What makes this exploit stand out is its clean and methodical execution rather than the size of the haul. The attacker didn’t steal private keys or tamper with oracles. Instead, they took advantage of a flaw in the whitelist validation and smartly combined it with a flash loan to drain the funds in a single transaction.
🚨 Community Alert@inkfinance‘s Workspace Treasury Proxy on Polygon was exploited a few minutes ago for ~$140K.
More details in🧵
— Blockaid (@blockaid_) May 11, 2026
What is INK Finance?
INK Finance is a multichain platform designed to serve as a financial operating system for DAOs, protocols, and Real World Asset projects. It provides tools for on-chain treasury management, governance, payments, fundraising, and compliance.
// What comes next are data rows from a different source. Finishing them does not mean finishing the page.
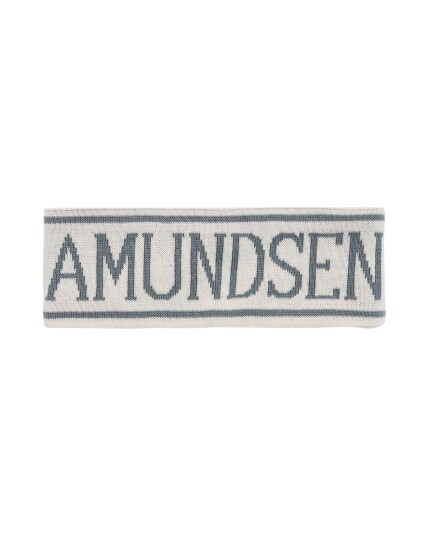 Amundsen Sports Ski Headband White/Stormy Blue
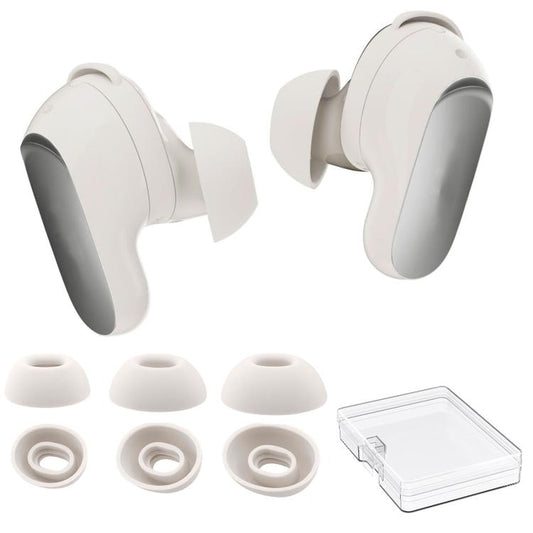 3pairs /Box AhaStyle WG198 Silicone Earbuds, For Bose QuietComfort Ultra Earbuds / Earbuds II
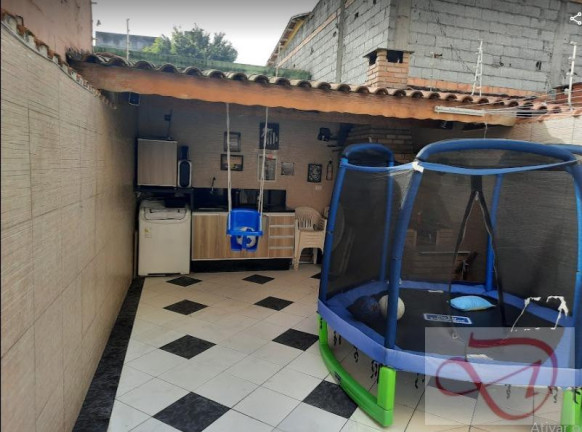 Imagem Sobrado com 2 Quartos à Venda, 121 m² em Vila Clarice - Santo André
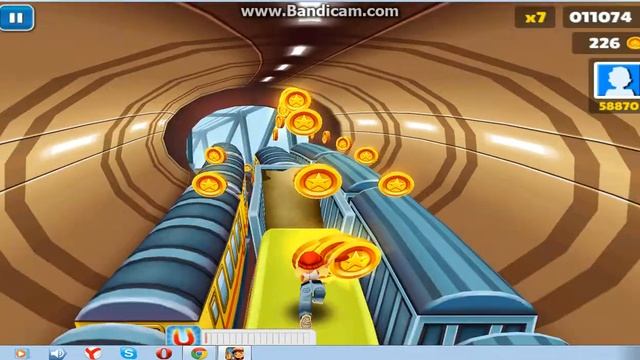 Subway Surfers #3(или другой какой там номер?) смотреть онлайн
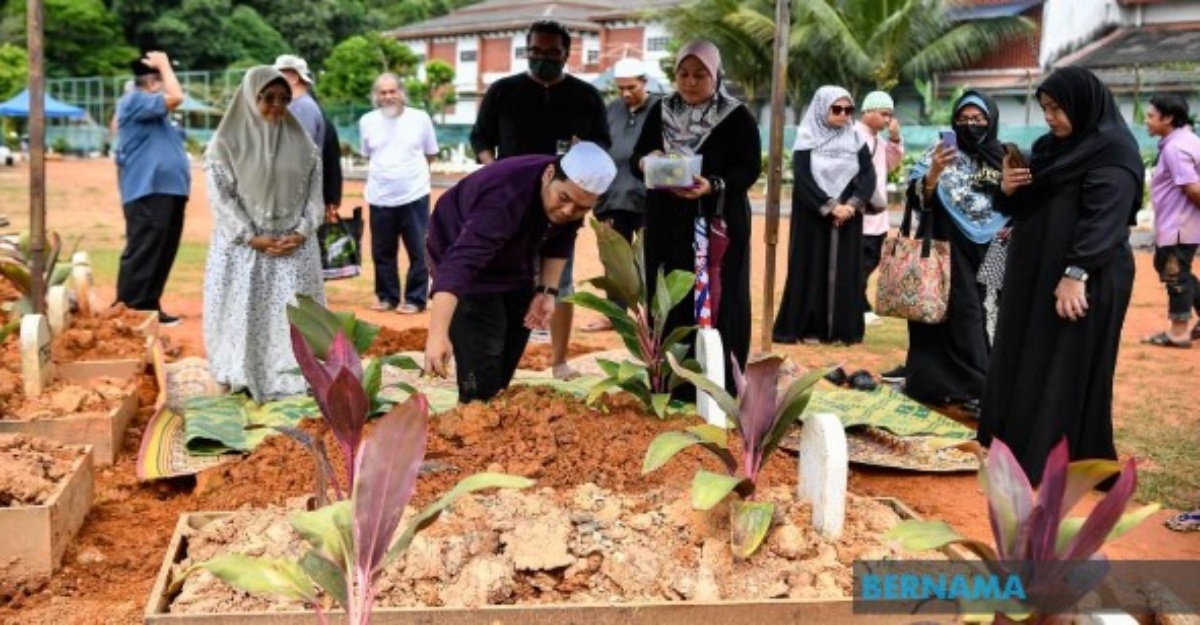 bekas mampu meninggal dunia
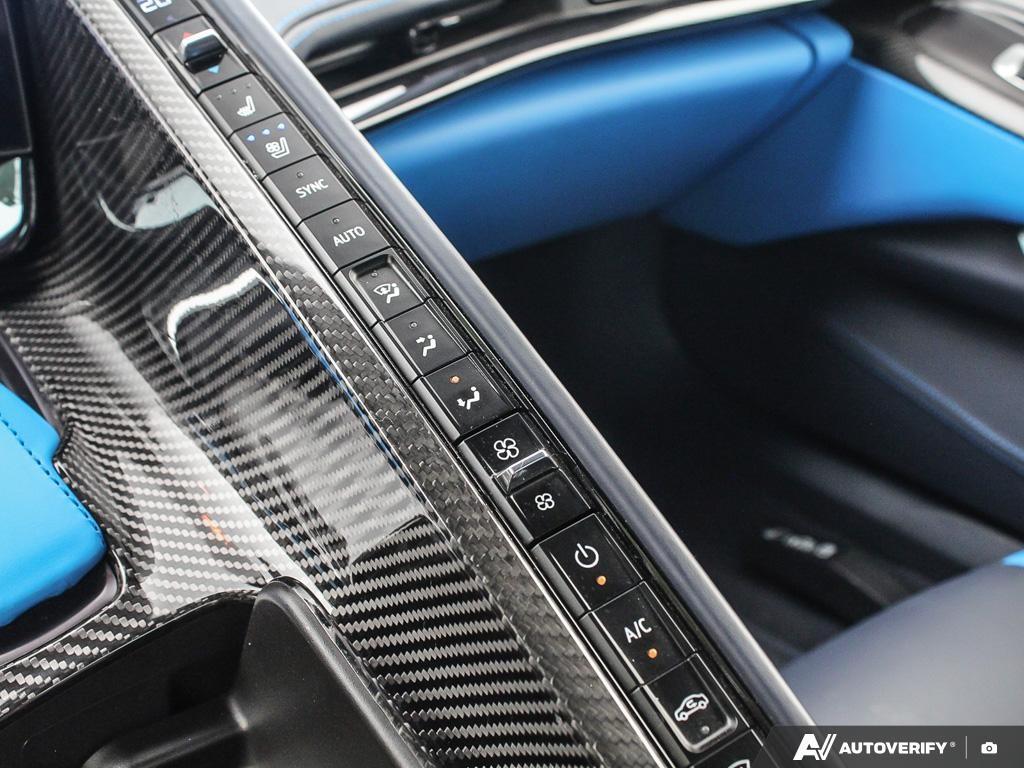 used 2023 Chevrolet Corvette car, priced at $179,900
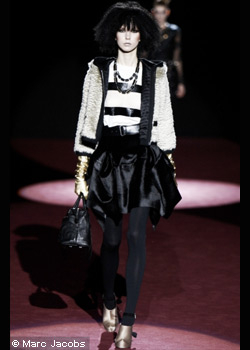 Marc Jacobs défilé Automne Hiver 2009 2010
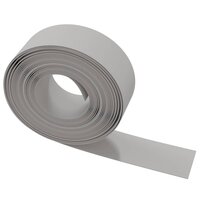 Tuinrand 10 m 20 cm polyetheen grijs 4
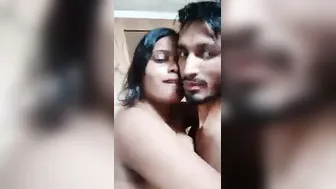 Desi Couple Standing Fuck Session Caught On Camera First Time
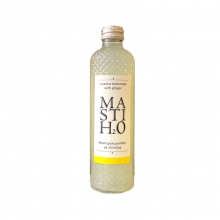 Μαστιχόνερο με Ginger και Λεμόνι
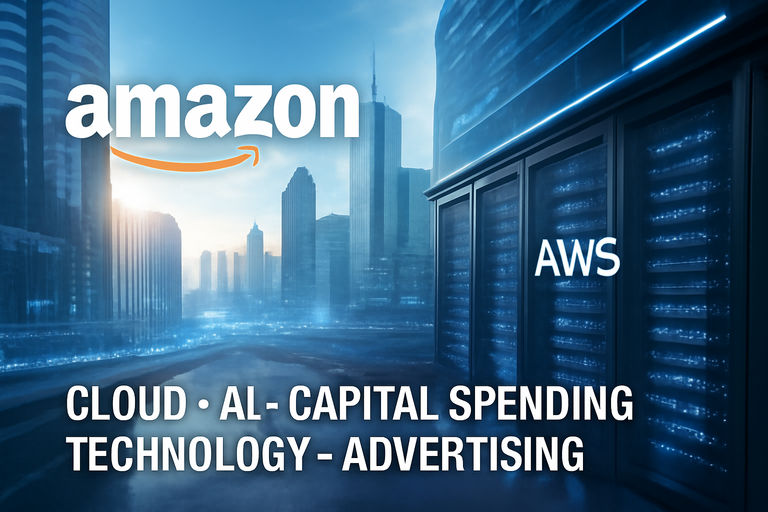 【美股動態】亞馬遜兩千億強攻AI雲端短空長多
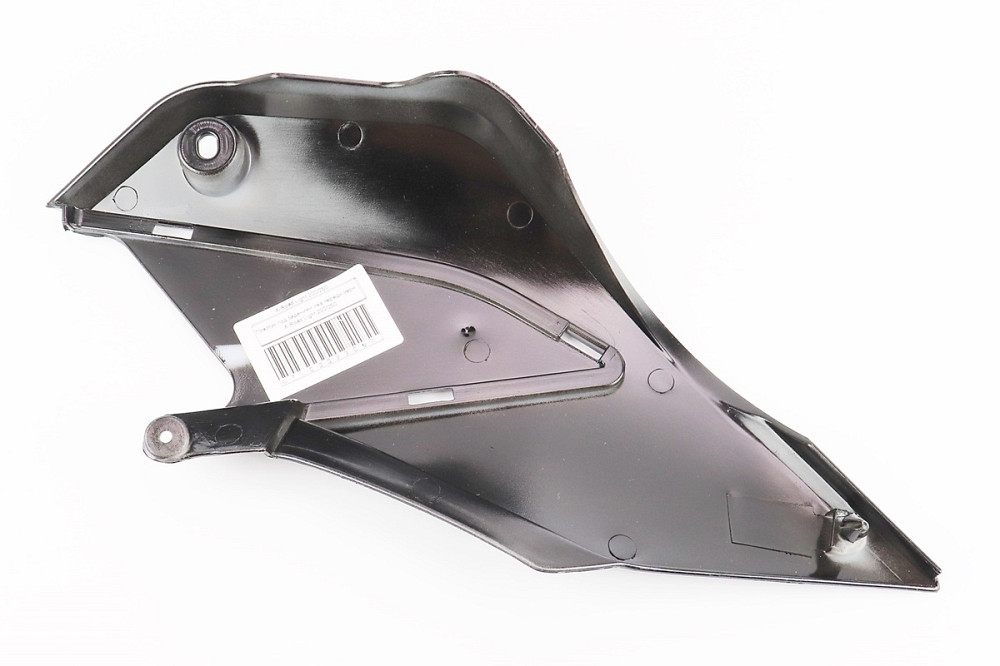 X-Road Light 200-250 пластик - бічний передній правий, ЧОРНИЙ з червоним малюнком Київ - фото 2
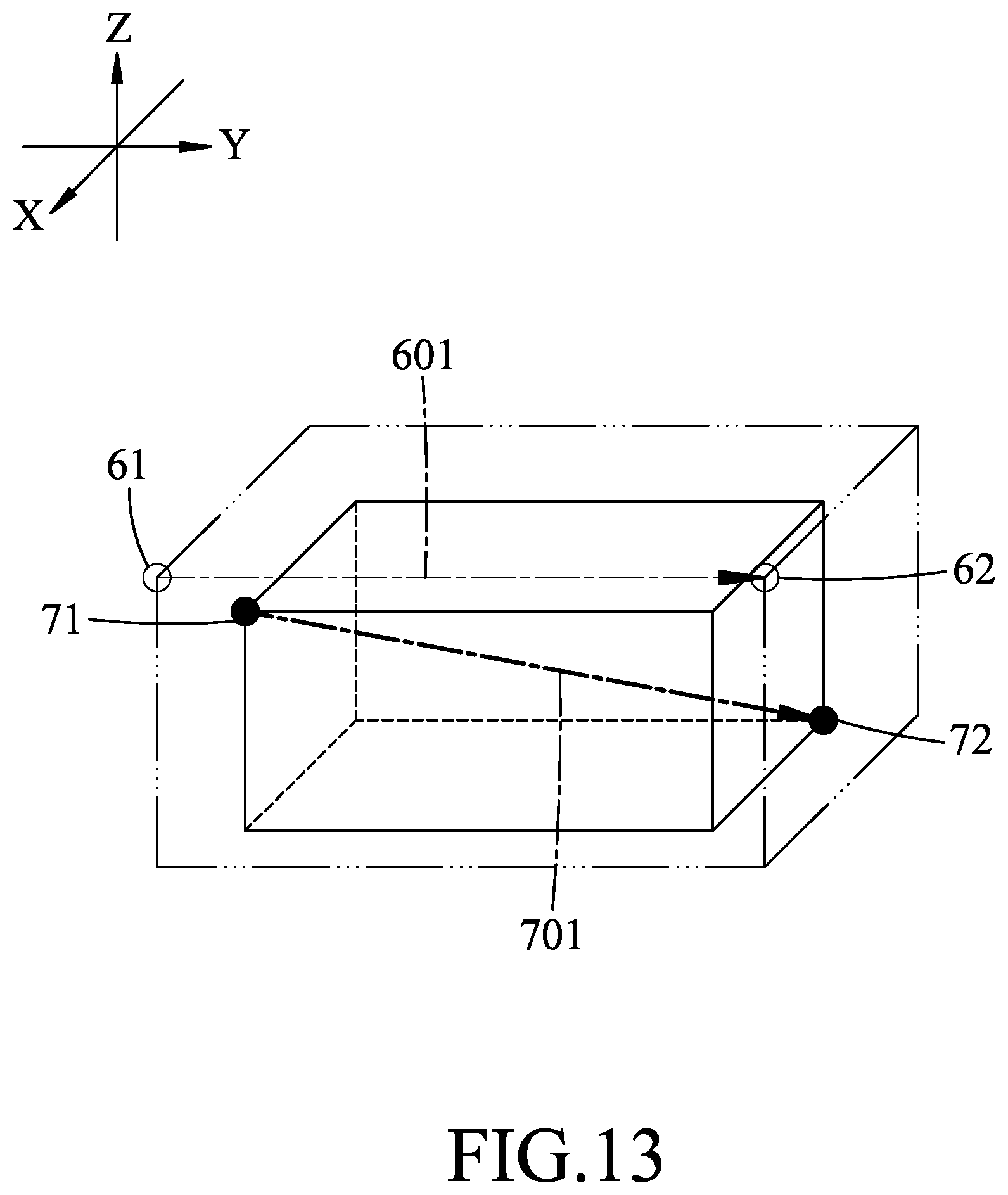 Patent US12174127 Figure 13 – Mapping device and a loadport having the same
The platform allows teams to create customizable “workspaces” with different committees for treasury, investments, and community decisions. Its core offering includes the Universal Custodian Vault and Workspace Treasury Proxy, which many DAOs use to handle authorized transfers efficiently. The project is mainly active on Polygon and Avalanche.
The compromised contract (0xa184…96Ee4), an EIP-1967 beacon proxy deployed in late 2023, was the target of today’s attack.
How the Exploit Happened
According to initial findings from Blockaid and other security researchers, the attacker executed a precise and well-planned attack by following these key steps in a single atomic transaction:
- Deployed a Malicious Contract: The attacker first created and deployed a malicious smart contract that was carefully designed to satisfy the whitelist criteria in INK Finance’s Workspace controller. This allowed the contract to appear as a legitimate, pre-approved claimer.
- Triggered the Claim Function: Using this malicious contract, the attacker then called the claim(claimId) function on the controller. Because the whitelist check was passed successfully, the request moved forward and triggered an authorized withdrawal from the Workspace Treasury Proxy without raising any red flags.
- Used a Flash Loan for Amplification: To meet any required balance or collateral conditions inside the claim process, the attacker borrowed approximately $25,000 through a Balancer V2 flash loan within the same transaction. This temporary capital boost enabled the full drainage of around $140,000 in USDT. Once the funds were extracted, the flash loan was automatically repaid before the transaction concluded.
The full exploit transaction can be viewed on Polygonscan: 0xb469…6b982
Attacker address: 0x90b1…87ee2
Funding Trail
On-chain data shows the attacker received funds through Railgun on Ethereum for privacy before bridging to Polygon just 32 minutes before executing the exploit. This suggests the attack was carefully prepared in advance.
Current Situation and Advice for Users
INK Finance has acknowledged the incident, though a complete technical post-mortem and recovery plan have not yet been released.
Users and DAOs with active workspaces on Polygon or Avalanche are strongly advised to:
- Immediately revoke approvals tied to affected controller and proxy contracts.
- Audit all whitelisted claimer addresses and permissions.
- Monitor official INK Finance announcements before moving treasury assets.
- Increase monitoring for unusual proxy interactions or sudden treasury withdrawals.
Broader Implications
While a $140K loss is relatively small compared to some of the larger DeFi hacks seen in 2026, this incident once again highlights a persistent weakness across decentralized finance: flawed authorization logic inside treasury systems.
Whitelist-based mechanisms remain convenient for DAO operations, but they can become dangerous when protocols fail to re-validate transaction amounts, ownership, or destination addresses during execution. Similar vulnerabilities have also surfaced in other protocols, including the Aftermath Finance exploit, where attackers reportedly drained more than $1.14 million through weaknesses tied to smart contract execution logic.
The INK Finance incident serves as another reminder that security in DeFi is not a one-time checklist. Continuous audits, layered permission controls, real-time monitoring, and stricter validation mechanisms are becoming essential for protecting on-chain treasury infrastructure.
As the DeFi ecosystem matures, both builders and users will need to remain proactive and vigilant against increasingly sophisticated exploit strategies.